“Attention Bard staff: code red. There is a goose behind the concession.” As we take our seats, the audience listens to staff trying to manage a goose incident over their radios. “Attention Bard staff: code green. The goose has been dispatched.” This is the perfect show for Bard regulars who can snicker at all the inside jokes, peer at props from past performances, and laugh at Christopher Gaze’s hilarious audio diary.
A panel of three actors is missing their moderator for a talk about Shakespeare. They stall by telling the audience some facts about the Bard. It’s not going well, and then suddenly a voice from above tells them they have been chosen to act out all 37 of Shakespeare’s plays within 90 minutes or be turned into cider. (And not just any cider, Bard’s sponsor Lonetree cider — what a feat of product placement). “This is the performance of your life,” says the ominous voice as all three actors are compelled into an energetic dance intro.
In terms of the stamina needed to pull off The Complete Works, this really is the performance of a lifetime. This production, directed by Mark Chavez, has a rotating cast of four actors, three of whom appear each night. The performance I attended featured Tess Degenstein, Arghavan Jenati, and Nathan Kay. They were all impressive in their ability to adapt to such a fast-moving script (by Adam Long, Daniel Singer, and Jess Winfield, with new revisions by Singer and Winfield). Degenstein stood out for her emotive facial expressions and comic timing.
As the players struggle to devise a plan to perform all the plays in such a short amount of time, they begin to think of ways to combine multiple plays. In a hilarious scene, they manage to combine all 16 comedies into one. It has all the elements of a hit: identical twins, a shipwreck, and, of course, a wedding.

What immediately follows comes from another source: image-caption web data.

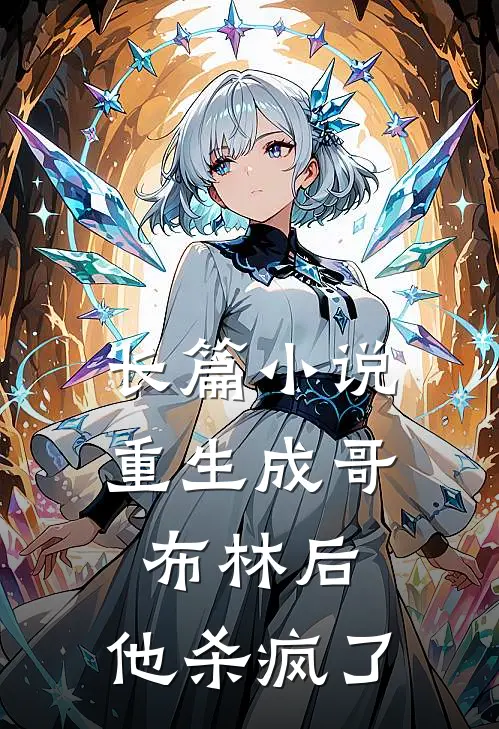 长篇重生成哥布林后,他杀疯了全文阅读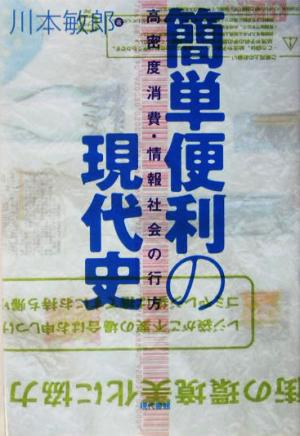 簡単便利の現代史 高密度消費・情報社会の行方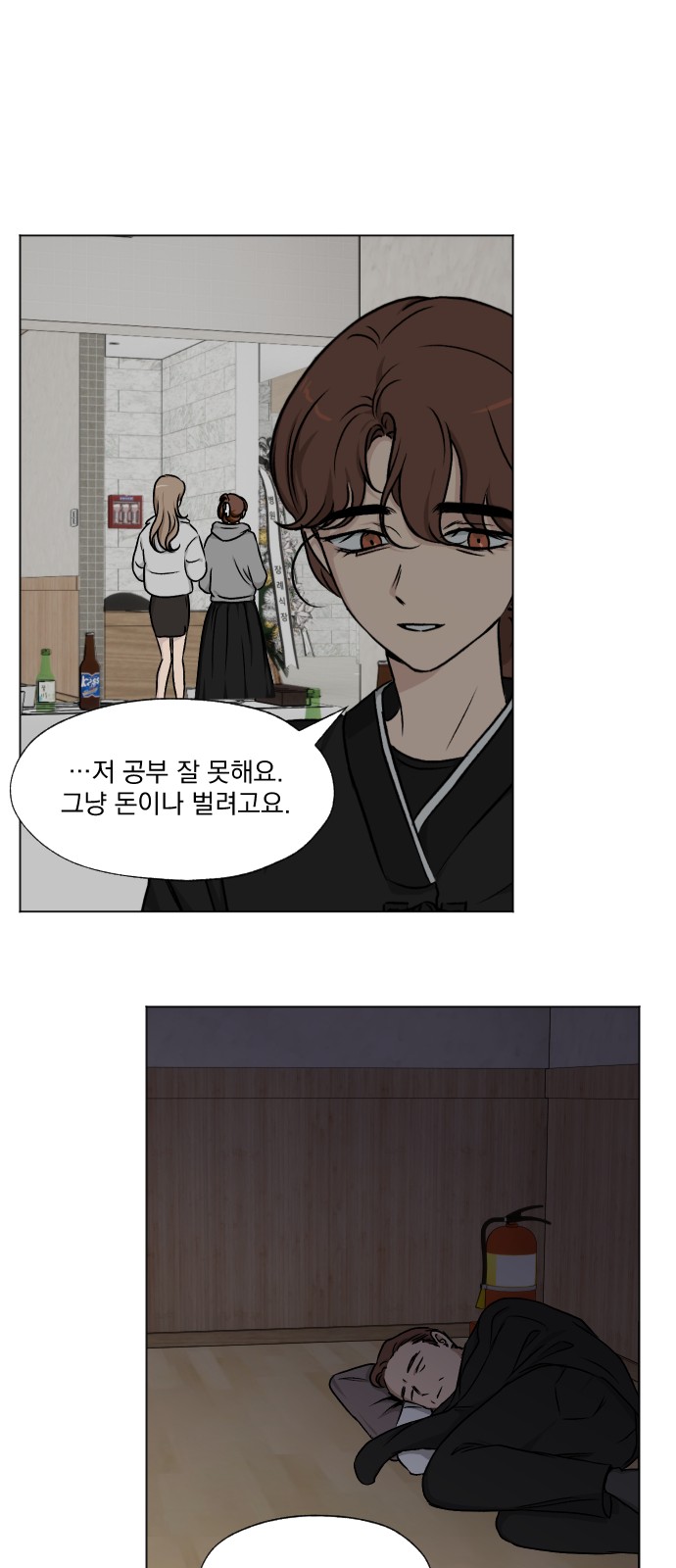 34 페이지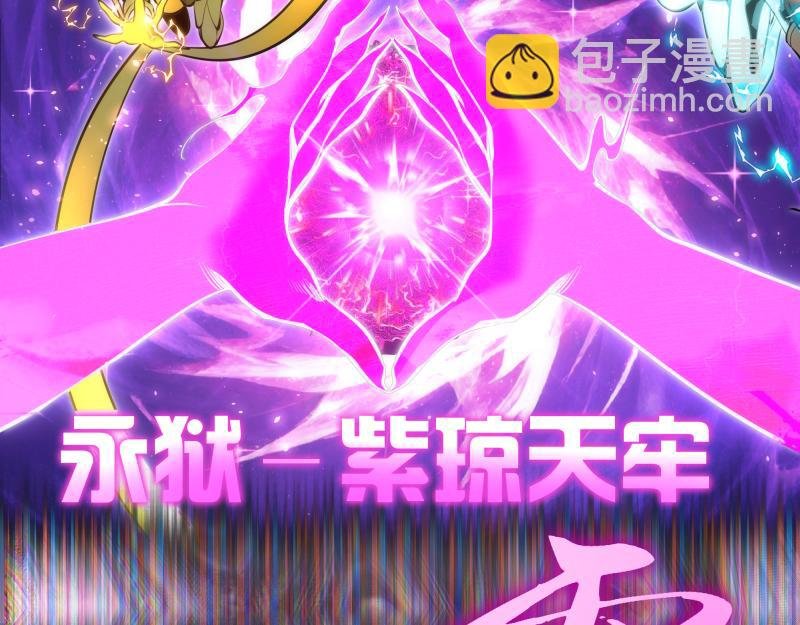 第282话 内鬼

When the actors decide they could use some background music, they pop an old cassette tape into a player and we hear Christopher Gaze’s audio diary, full of hilarious musings and brainstorming potential marketing lines such as, “get off your skateboard and onto your skatebard.” One of the actors describes Gaze as being the reason Shakespeare exists, and if Dionysius and iambic pentameter had a baby. Another audio diary shares thoughts about attack ads to combat the planetarium’s campaign that says, “The planetarium: light years ahead of Bard.”

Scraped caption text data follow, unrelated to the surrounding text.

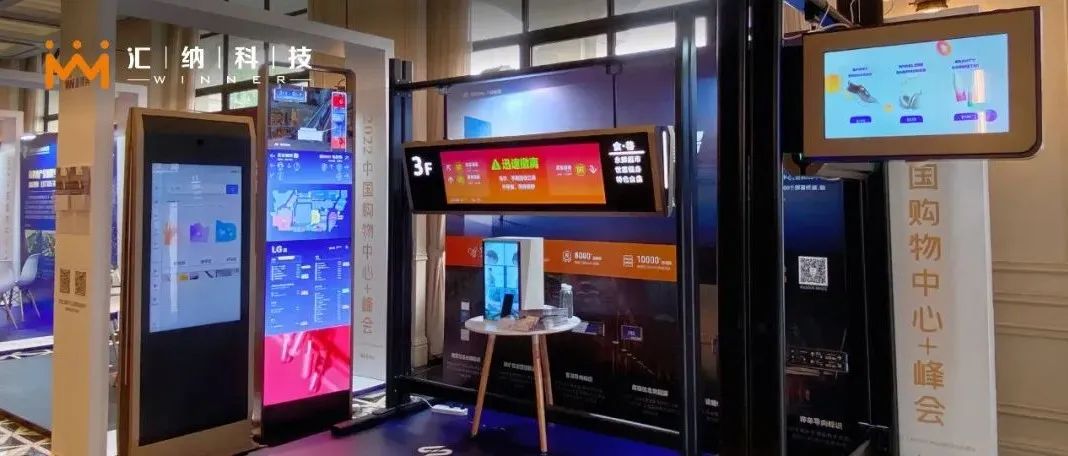 15vip太阳集团科技亮相多个行业会议，为商业空间数字化转型带来新思路！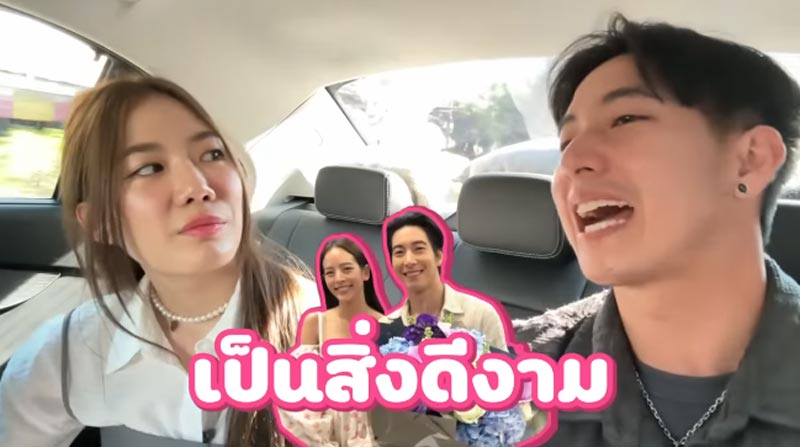 โตโน่ ภาคิน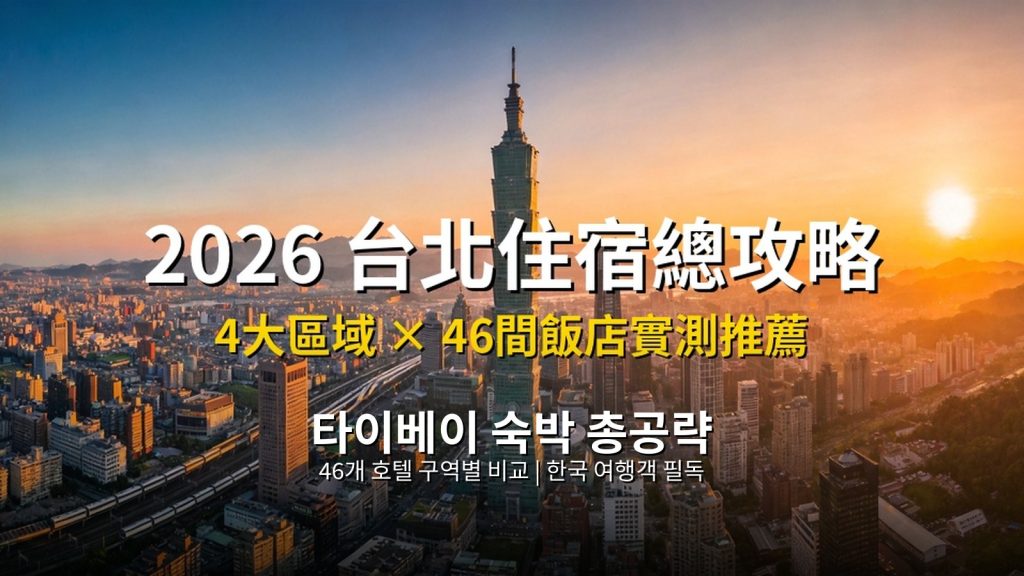 2026 타이베이 숙박 총공략｜46개 호텔 구역별 비교 @Tournews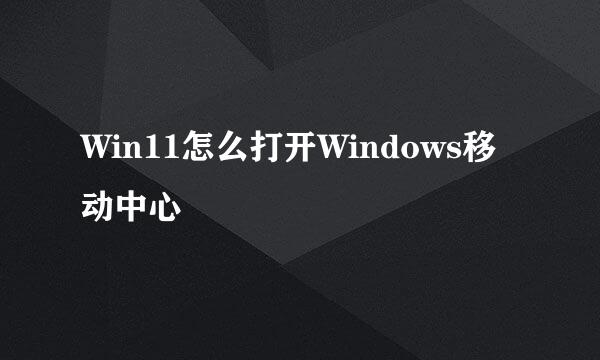 Win11怎么打开Windows移动中心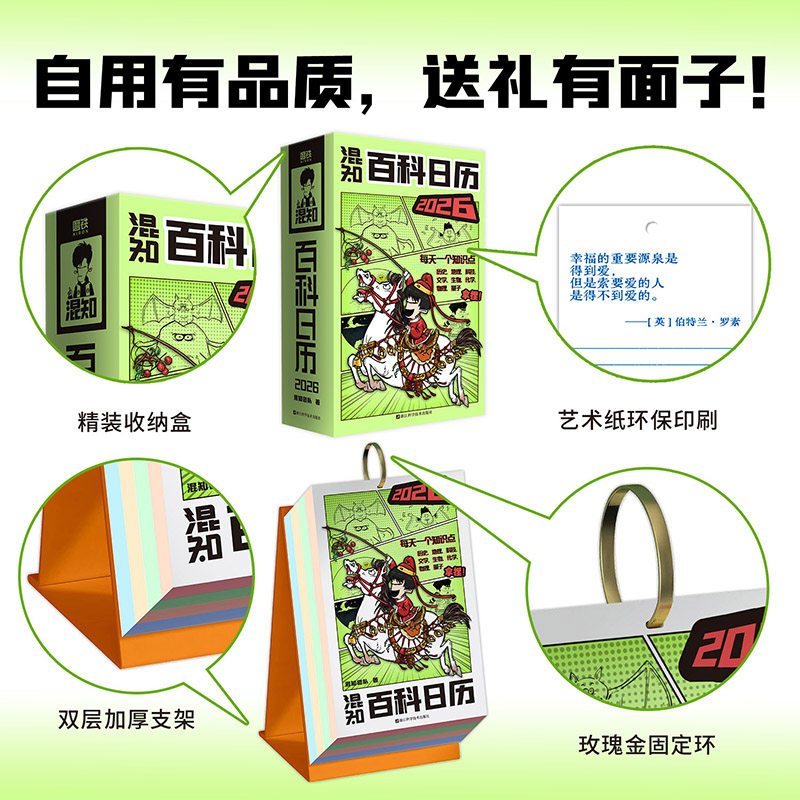 混知漫画百科日历2026年日历 新年礼物马年礼物礼盒文创儿童半小时漫画中国史科学启蒙科普 混子哥边画边讲,淘宝优惠券,粉丝福利购,淘宝优惠卷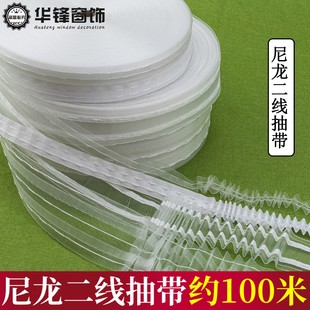 2.5/5���ֶ��������鎧��������͸��խ�鎧�b���S�h����100��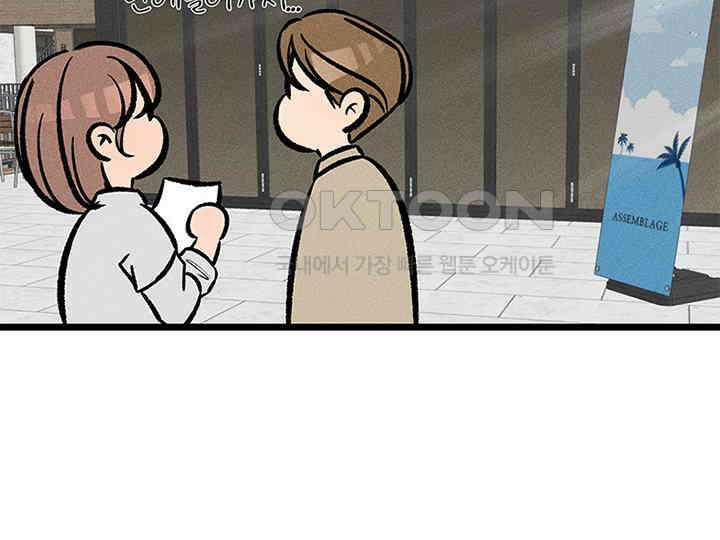 남이 하는 연애사 33화 85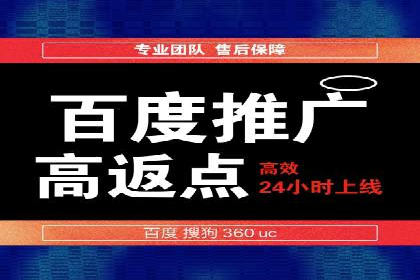 抖音信息流代理案例：教你玩转短视频营销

Othello gets a nautical treatment, Titus Andronicus is a hallmark Christmas movie, and all the histories are combined for one of the most complex board games you’ve ever seen. “You can slap the Beatles on whatever,” they say as they perform “We all live in a yellow Cymbeline.” And don’t forget the sonnets! They make a brief appearance.

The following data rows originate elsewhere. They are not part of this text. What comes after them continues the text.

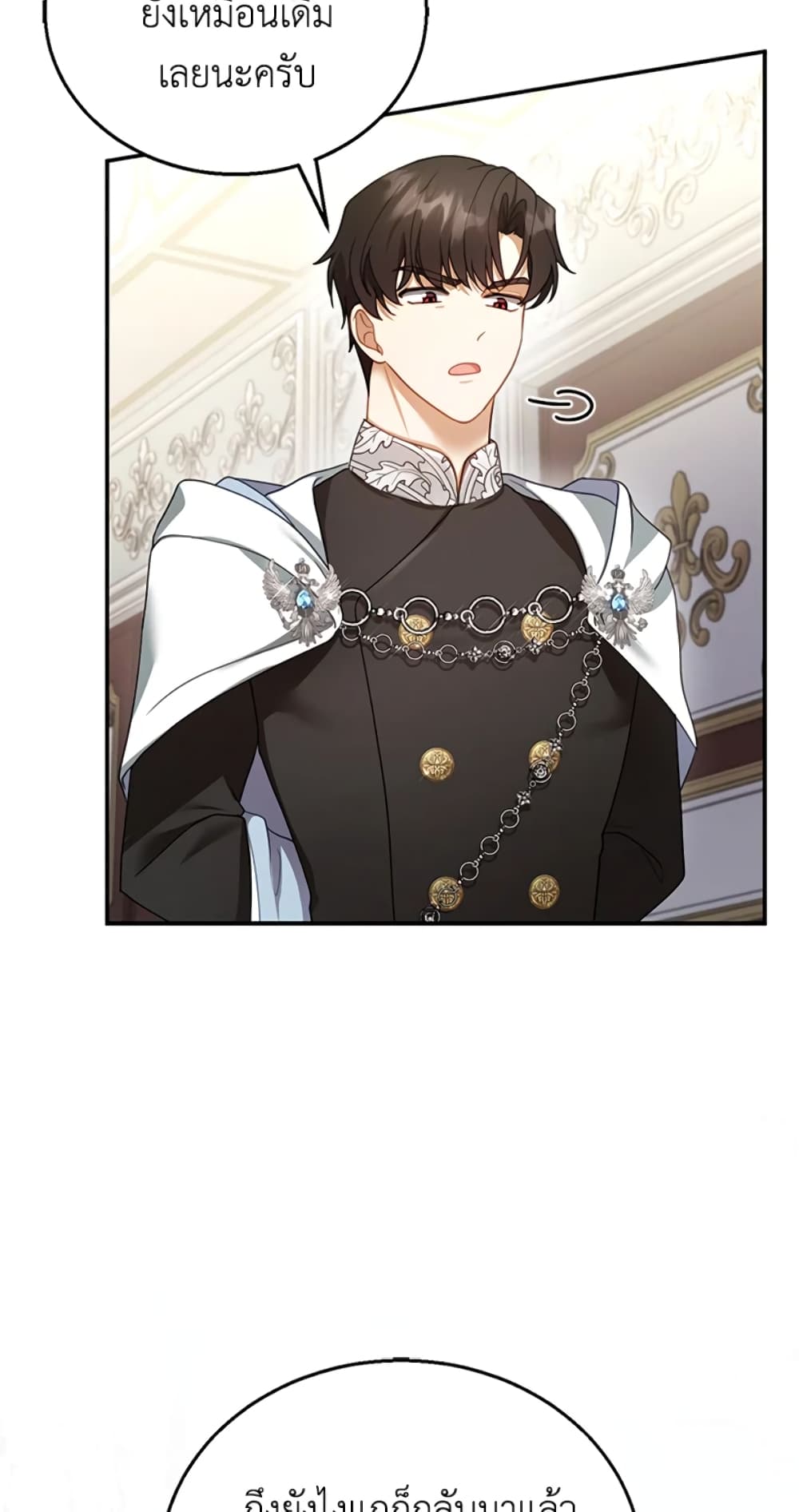 อ่านการ์ตูน I Am Trying To Divorce My Villain Husband, But We Have A Child Series 16 ภาพที่ 32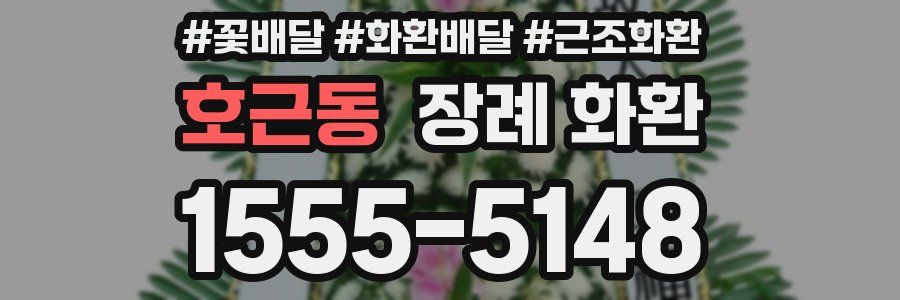 호근동 장례 화환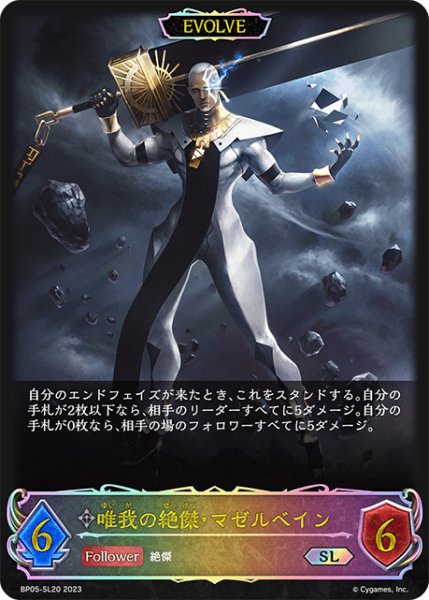 画像1: 唯我の絶傑・マゼルベイン[EVOLVE]SL/【ニュートラル】《BP05-SL20》 (1)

Finally, they are left with the play of all plays: Hamlet. “Do Hamlet good!” yells the ominous voice. It is good, and then they are forced to do it faster, and backwards, and the second act flies by in a blur of Hamlet adaptations that get shorter and shorter until it’s distilled into two minutes.
Bard regulars will enjoy looking at all the props on shelves at the back of the stage and trying to identify which previous productions they’ve been part of. For example, there’s a pub sign from “The Garter,” a giant swan, and a poster with Bard’s former logo. Those new to the Bard experience will receive a crash course in Shakespeare and an entertaining night in the theatre.